Metrolinx, the Provincial body in charge of building transit in the GTA, is considering a number of changes on how we pay for transit. This conversation will result in the average trip being more expensive for residents in Downsview.
Metrolinx is doing this, because of budget pressures and because different modes of transit (buses vs. trains) and the distance of each trip (1km vs. 10km) need to be factors in calculating the price of each trip.
Currently, a trip from Downsview to the downtown core, which normally requires a bus and a subway ride, costs the same as a trip from Bay St. and Queen St. to Bay St. and Bloor St. -one bus ride. This means that people in inner suburbs benefit from a system that understands that the distances traveled in the suburbs are greater than they are in the downtown core.
Metrolinx is considering changing this. Their rationale for questioning the current system is that it is not fair to charge the same price for someone that rides a train versus a bus, or takes a short trip versus a long trip. What this misses is that the accountant’s methodology to building transit will create a dysfunctional system.
If we want more people riding transit, we need to figure out a transit system that caters to the needs of riders, not the other way around. Metrolinx seems to be coming to the decision that the riders need to meet the demands of the transit system -they’ve done this before.
Leading up to the PanAm games, Metrolinx built the UP Express from Union Station to Pearson International Airport. Their business model assumed that there would be a wealthy market of transit riders that would pay a premium fee for the convenience of the service they created. What they missed, is that most of the transit trips to the airport were made by the 10,000 employees who are employed by the Greater Toronto Airport Authority (GTAA).

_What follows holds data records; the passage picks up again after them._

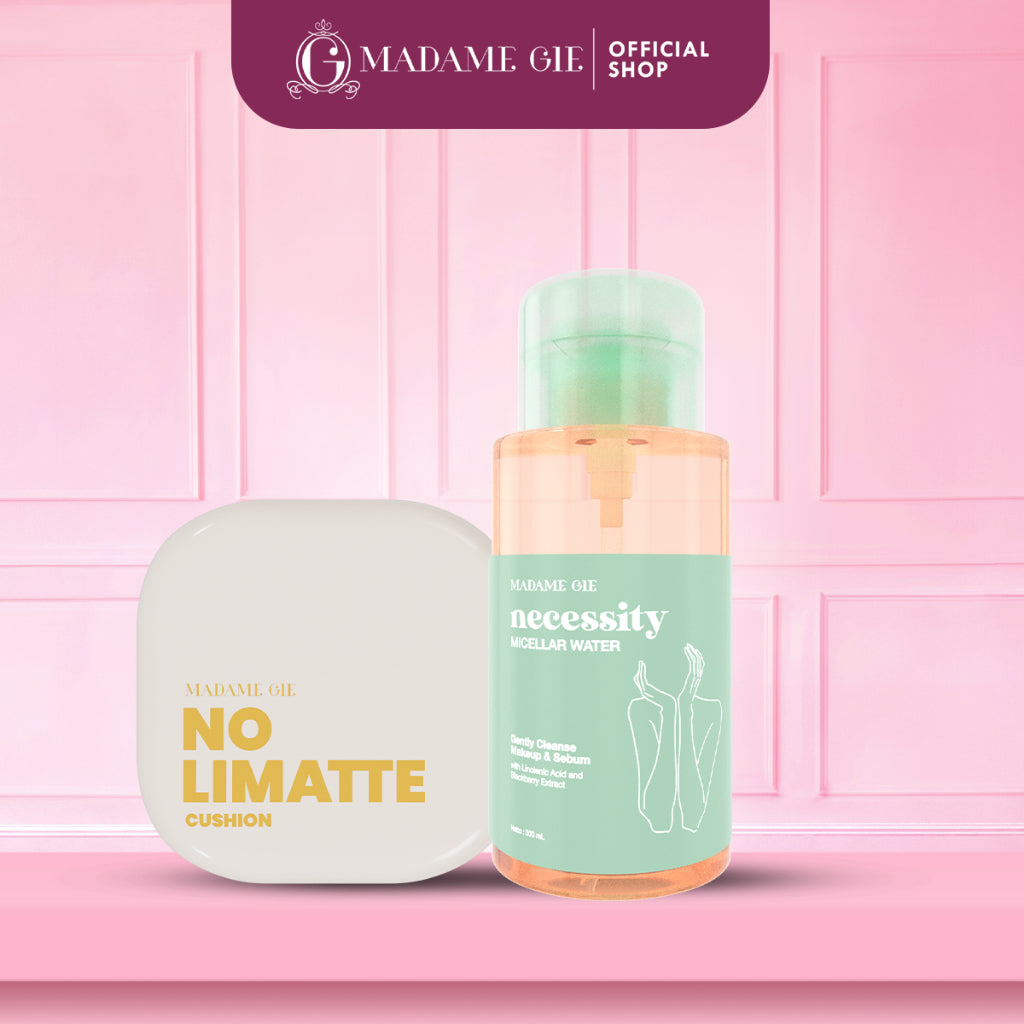 [BUNDLE] Madame Gie No Limatte Cushion Soft Matte Perfect Coverage + Necessity Micellar Water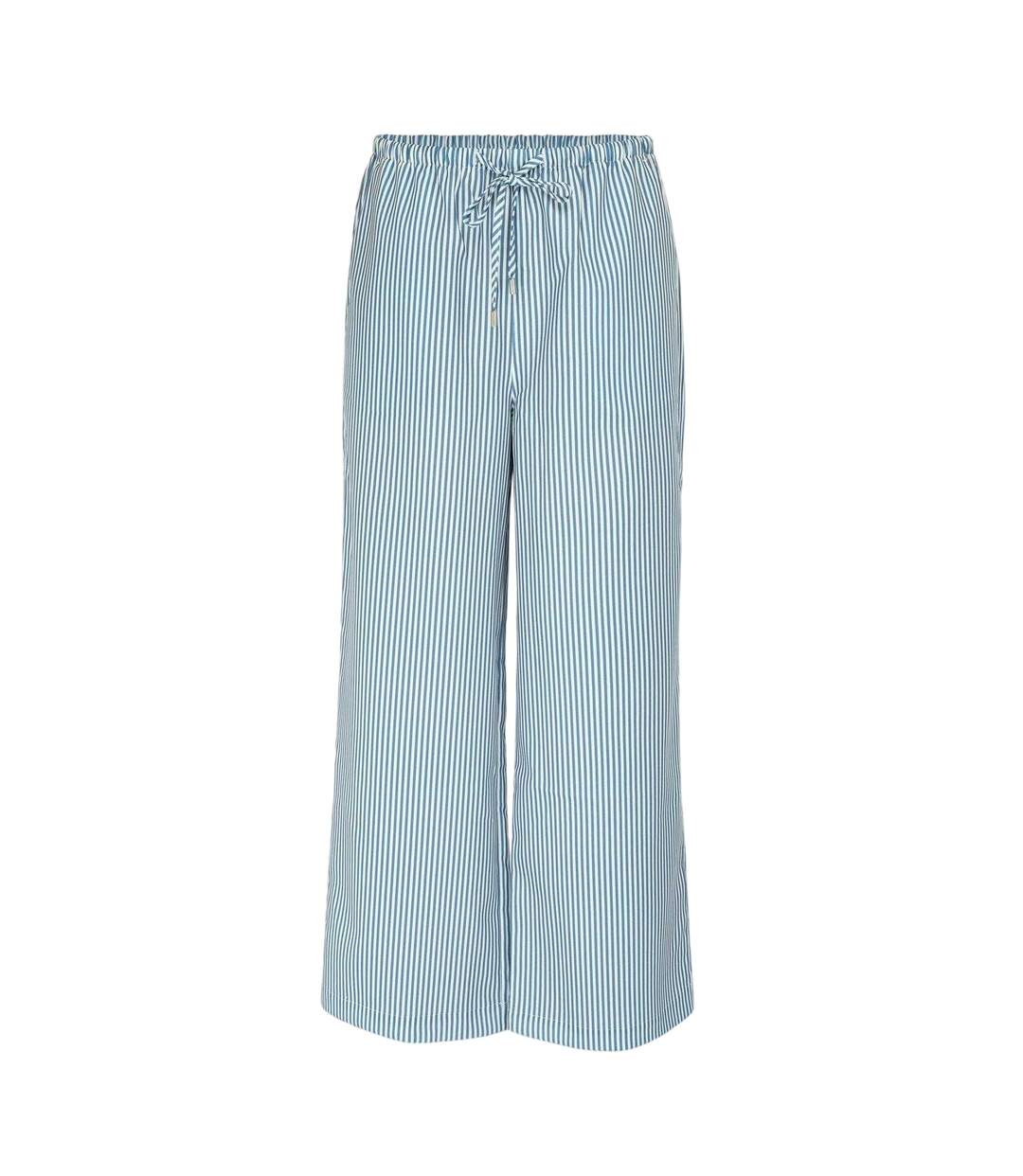 Pantalon Plage Femme Bleu SoulCal-1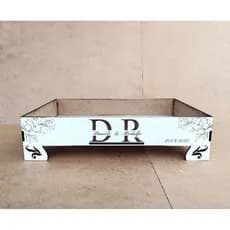 Bandeja Personalizada Toalete Casamento em MDF 20cm x 30cm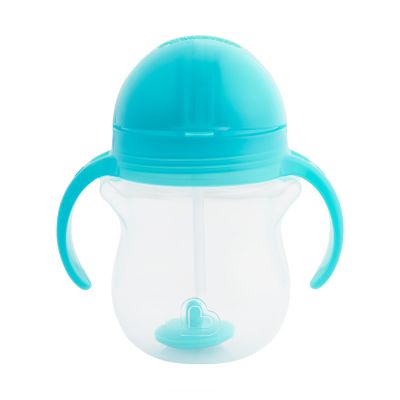 Munchkin Click Lock Tip & Sip Straw Beker - Blue Munchkin Click Lock Tip & Sip Straw Beker - Blue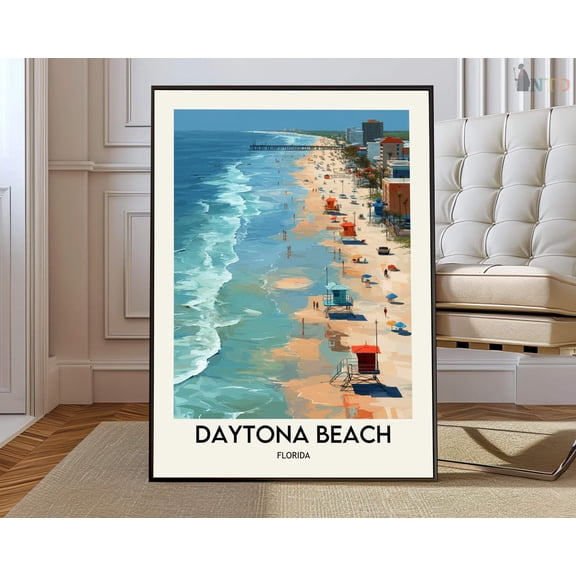 Daytona Beach Florida Poster Unframed Paper Print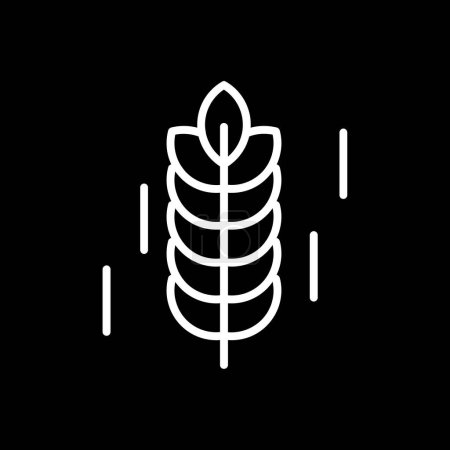 Téléchargez les illustrations : Wheat icon, vector illustration simple design - en licence libre de droit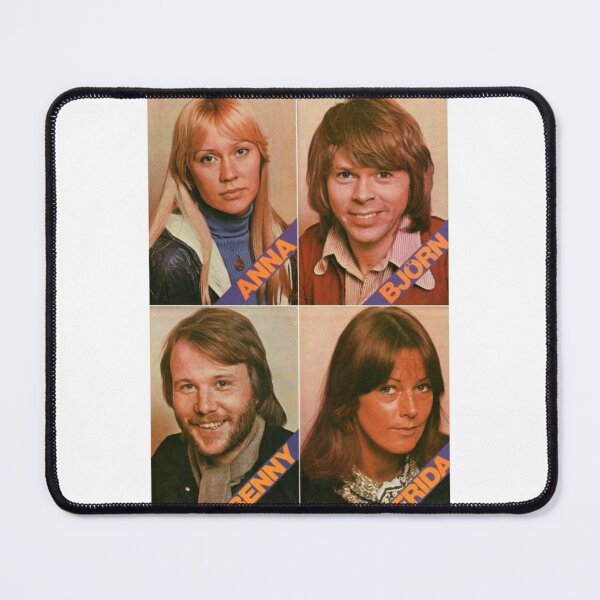 Item preview, ABBA Four Members Vintage Portrait Design designed and sold by Scarlettand.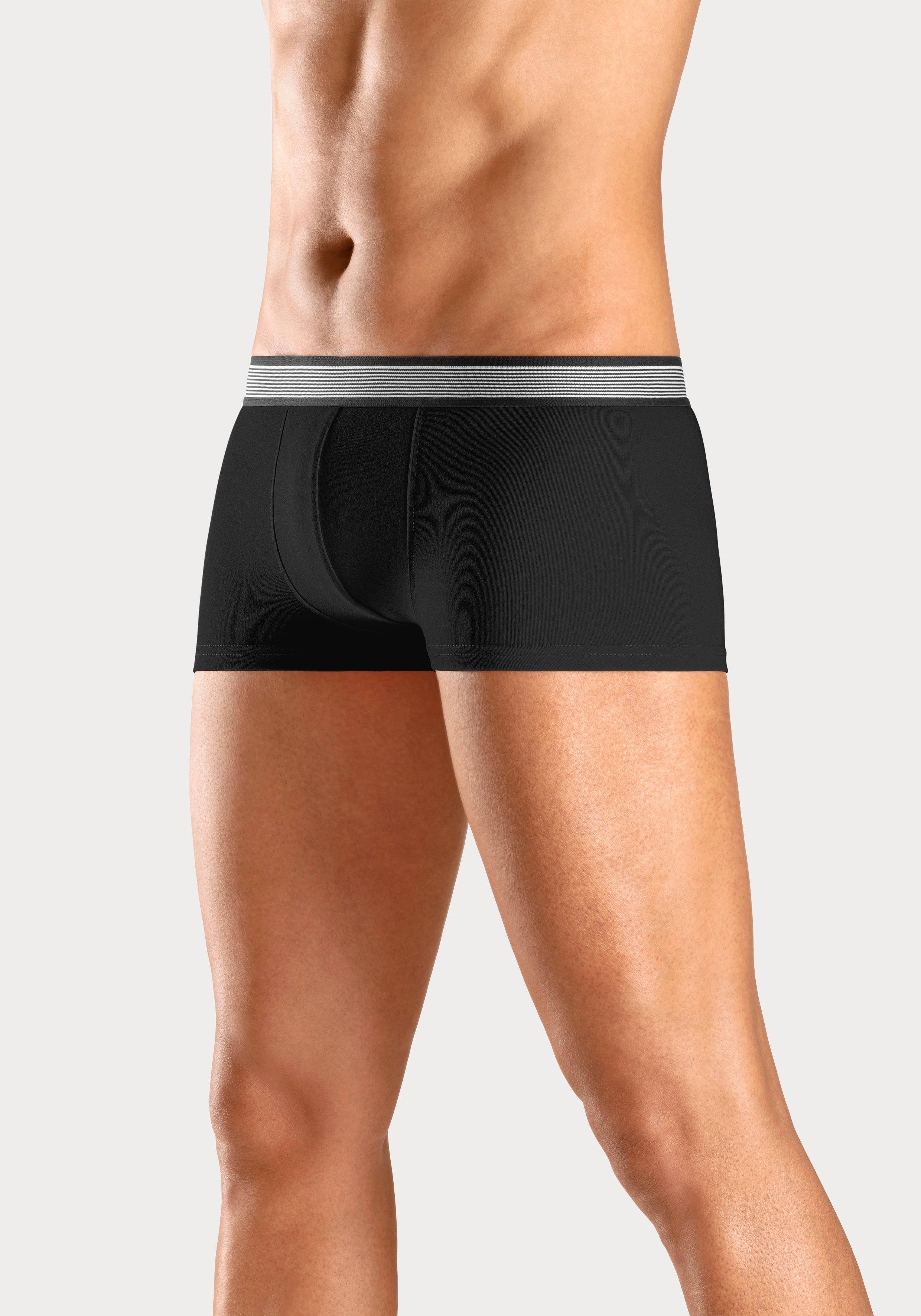 Thumbnail - H.I.S Hipster, (Packung, 4 St.), knapp sitzende Boxershorts aus Baumwollmischung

Since the service was not practical, or affordable for most of the employees, the trains ride mostly empty -even a reduction in fares has not changed ridership.
The UP Express experience should have taught Metrolinx that its focus on market based transit building is not a viable model. For Downsview, this could mean a more expensive transit fare in the next couple of years. Let us not forget where the decision are being made: the Province is not investing in the operating costs of transit, so Metrolinx is trying to come up with the money by raising the price of transit.